For our grandchildren, our great grandchildren, and many more to come …

2 I guess there are a lot of things we can do to live a low carbon lifestyle. There’s taking public transport, or walking, instead of using private cars, to reduce carbon emissions; saving electricity by turning off appliances when not necessary or buying energy-efficient appliances. We’ve seen quite a few electric taxis on roads these days in Hong Kong, and I’m sure a lot more similar private electric vehicles could do good to our atmosphere.

There’s the 4Rs; and another way a lot of people tend to overlook is actually diet. I actually just finished my IES [Independent Enquiry Study, a school-based assessment that is part of Hong Kong’s Liberal Studies syllabus for the HKDSE] about how vegetarianism can be further promoted in Hong Kong. I learned that cows release methane into the atmosphere, whereas a vegetarian diet is actually supposed to be low carbon (yay vegetarianism!). If further promoted by NGOs or governments, we’d see a lot more people adopting low-carbon lifestyles.


Catherine Wang, 16, Chinese International School

Photo: Catherine Wang

1 It doesn’t snow in Hong Kong. If anything, for most of the year it’s unbearably hot. Even the most devoted fans of Hong Kong weather have claimed that with all the humidity, the air is so thick with moisture that getting around on the streets is like trying to walk through a swimming pool. Towards the end of the year, typically from November on through February, winter arrives and brings a relieving, if sometimes harsh, “cold”.

Over the seven years that I have lived here, I’ve come to love Hong Kong dearly, particularly its weather. However, temperatures have been rising. This time last year, I was swaddled in sweaters. Now, I can get around in little more a T-shirt and shorts. Empirically, we can prove that this is change in temperature is real. The Hong Kong Observatory has stated that this has been the warmest winter in 22 years. The clearest cause for this, they comment, is climate change.

I wanted to use this story about the changing winters as an example of my concerns for the state of this planet. Climate change is just one of many serious environmental issues that concern us all, including waste management, sustainable energy, and wildlife preservation. As a teenager, it is very difficult growing up in a world where every day you are exposed to these seemingly incurable global problems. It is particularly difficult seeing these issues and feeling that there is nothing that can be done to address them.
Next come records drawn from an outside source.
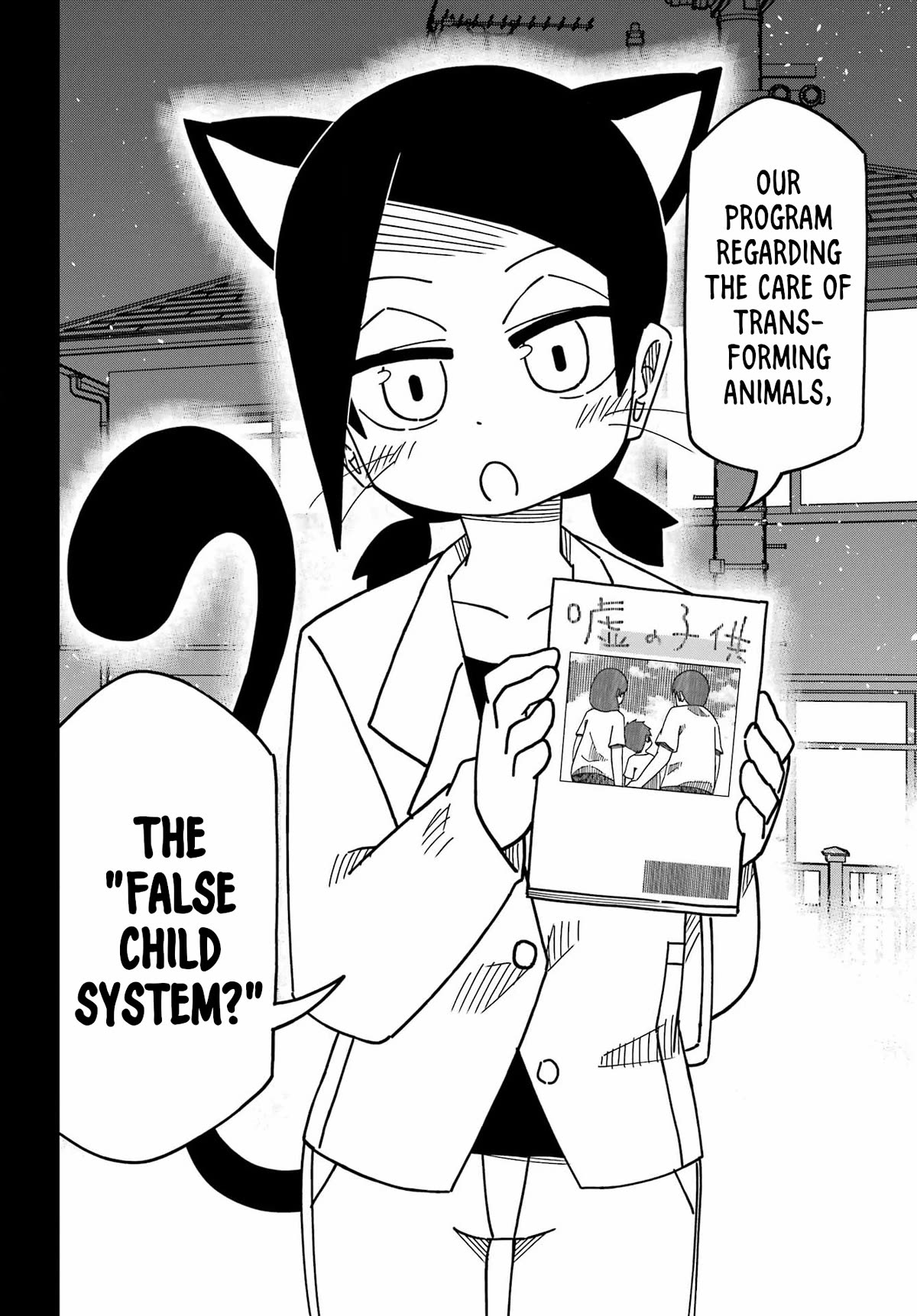 False Child Chapter 5 page 28 - Chapter 5: The Lie and The Cat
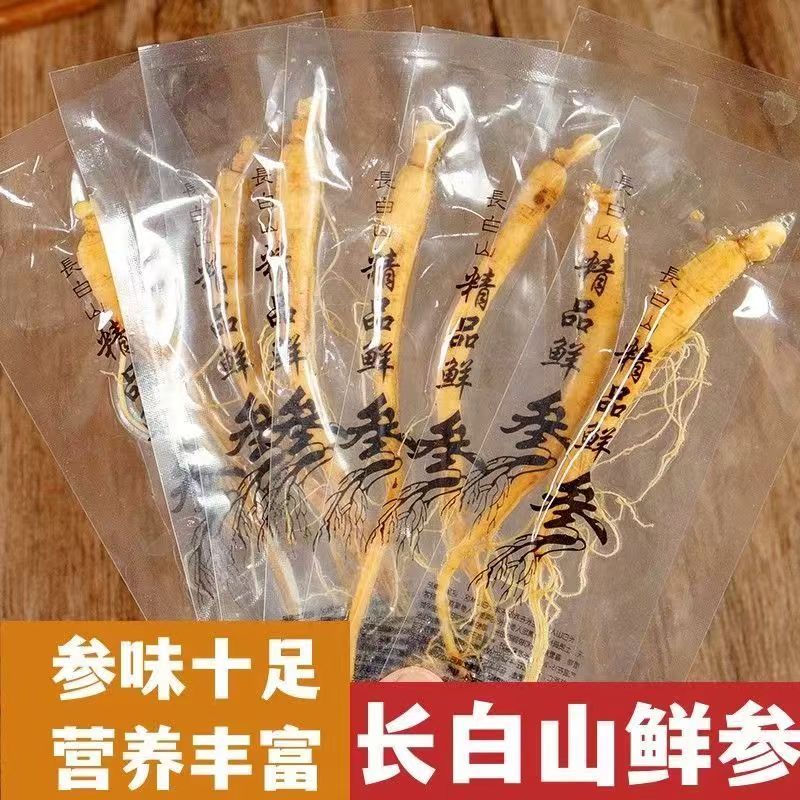 长白山保鲜人参 鲜人参 参农 直发  10支独立包装 煲汤火锅 烧烤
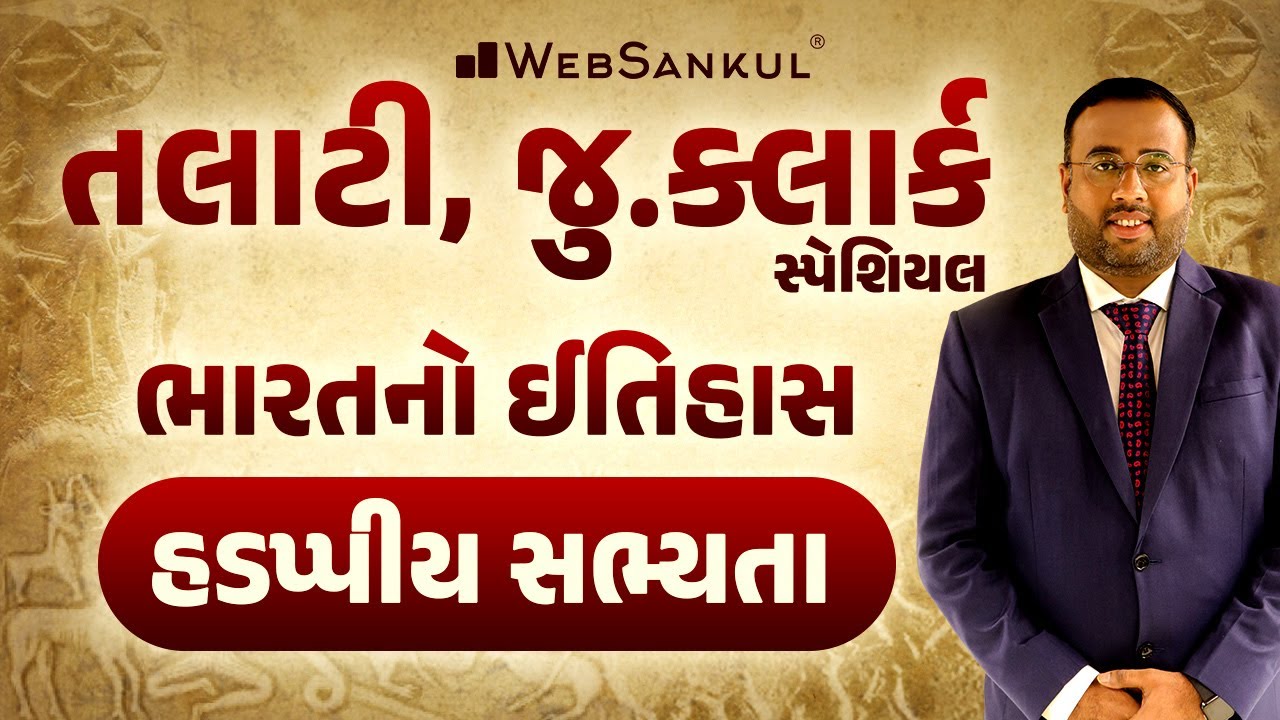 હડપ્પીય સભ્યતા | ભારતનો ઇતિહાસ | Indian History | Talati | Junior Clerk | WebSankul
Why is there still not enough being done on a national scale? Time and time again, I have heard of conferences: UN conferences, diplomatic assemblies, talks, perhaps even like this one. I have read of treaties written up about Carbon emissions and over the use of ‘Green’ technologies.

Over dinner the other night, I spoke to my mother about this topic, and she said that “I would understand when I get older”, and that I “couldn’t expect anything to be perfect, anyway”. I don’t see how growing up would justify indifference, or an acceptance of things clearly problematic – do we not all have a responsibility to change things for the better? Age cannot simply an excuse for apathy. We cannot ignore these problems.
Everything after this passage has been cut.